Source: http://www.indiana.edu/~ensiweb/lessons/mys.box.html (developed by Dr.
Jean Beard, Professor Emerita, San Jose State University, San Jose CA for the Evolution & the
Nature of Science Institutes website); http://www.sciencelearn.org.nz/Nature-ofScience/Teaching-and-Learning-Approaches/Student-activity-Mystery-boxes
One simple way to create concrete experiences that engage emotional responses in
students is through the act of “reproblematizing” the content itself. Reproblematizing can be
accomplished by removing key information from class materials (e.g., definitions and answers
to key questions), and then giving students the opportunity to “discover” the information for
themselves.

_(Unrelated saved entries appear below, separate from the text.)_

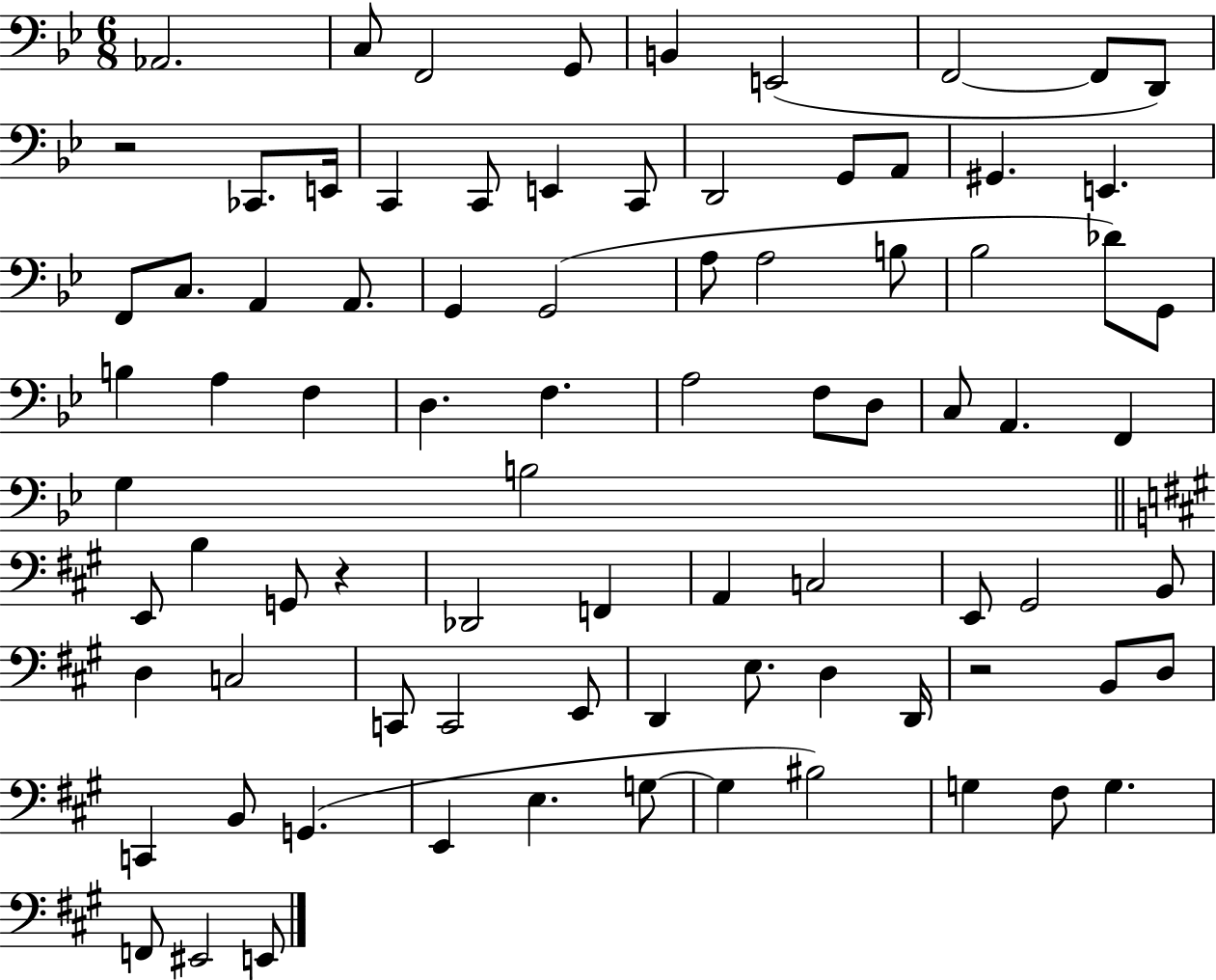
{
  \clef bass
  \numericTimeSignature
  \time 6/8
  \key bes \major
  aes,2. | c8 f,2 g,8 | b,4 e,2( | f,2~~ f,8 d,8) | \break r2 ces,8. e,16 | c,4 c,8 e,4 c,8 | d,2 g,8 a,8 | gis,4. e,4. | \break f,8 c8. a,4 a,8. | g,4 g,2( | a8 a2 b8 | bes2 des'8) g,8 | \break b4 a4 f4 | d4. f4. | a2 f8 d8 | c8 a,4. f,4 | \break g4 b2 | \bar "||" \break \key a \major e,8 b4 g,8 r4 | des,2 f,4 | a,4 c2 | e,8 gis,2 b,8 | \break d4 c2 | c,8 c,2 e,8 | d,4 e8. d4 d,16 | r2 b,8 d8 | \break c,4 b,8 g,4.( | e,4 e4. g8~~ | g4 bis2) | g4 fis8 g4. | \break f,8 eis,2 e,8 | \bar "|."
} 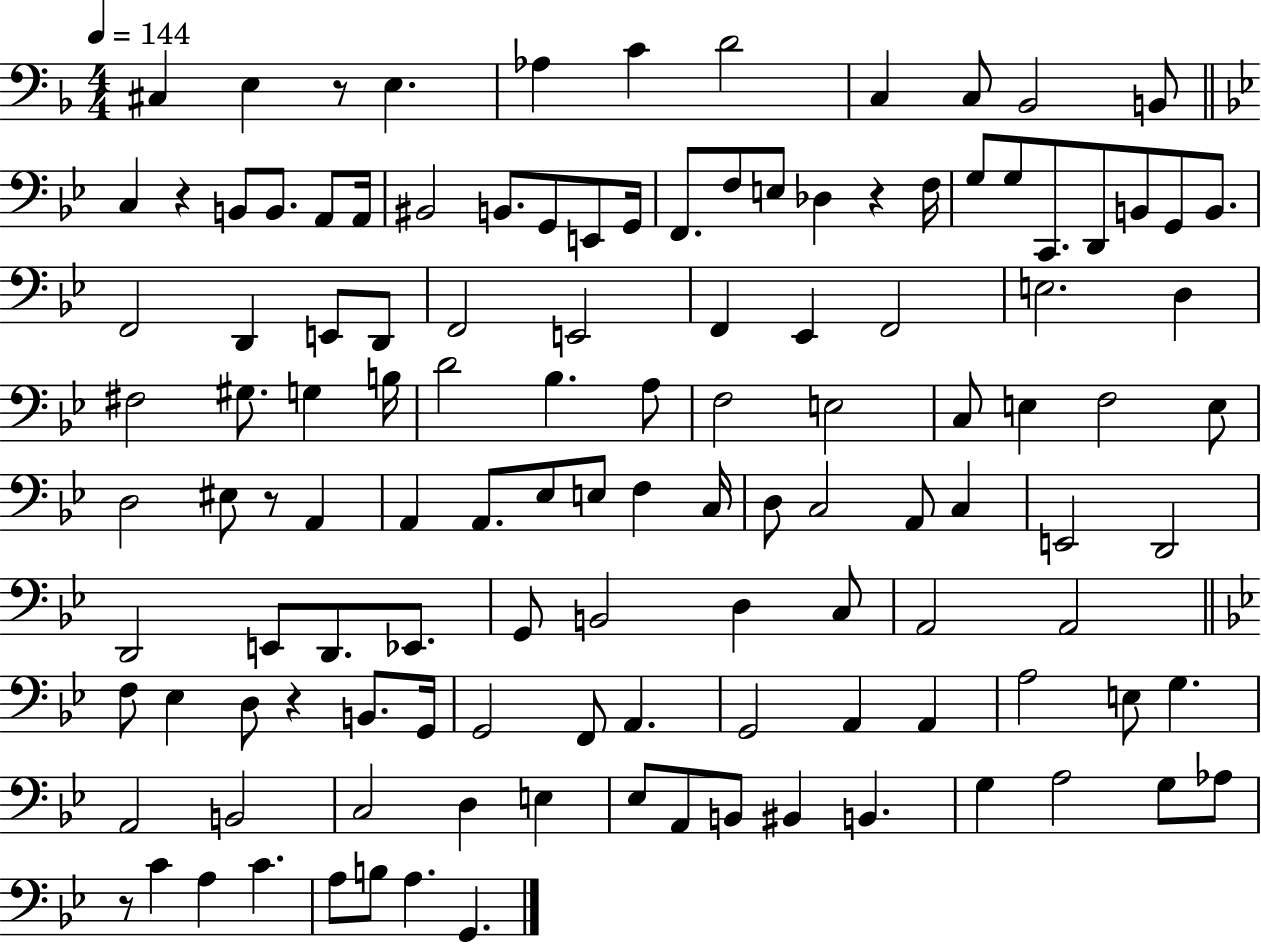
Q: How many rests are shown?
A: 6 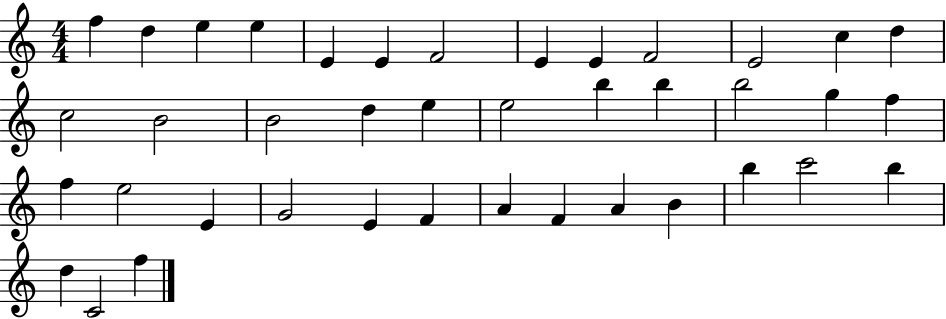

When teaching within a “traditional”, lecture-based format, students might be
shown a PowerPoint slide with a variety of course content laid out in a neat outline with key
terms and corresponding definitions. In a reproblematized classroom, students are given
“clues” that help them arrive at the same terms and definitions on their own. Reproblematizing
course content is simple to do, yet can have a profound effect on learning (e.g., deWinstanley &
Bjork, 2002). Done in a sequential way, students are able to make the same “discoveries”
originally made by the researchers, while at the same time engaging in an emotionally
significant experience that will help them to more fully consolidate their new information.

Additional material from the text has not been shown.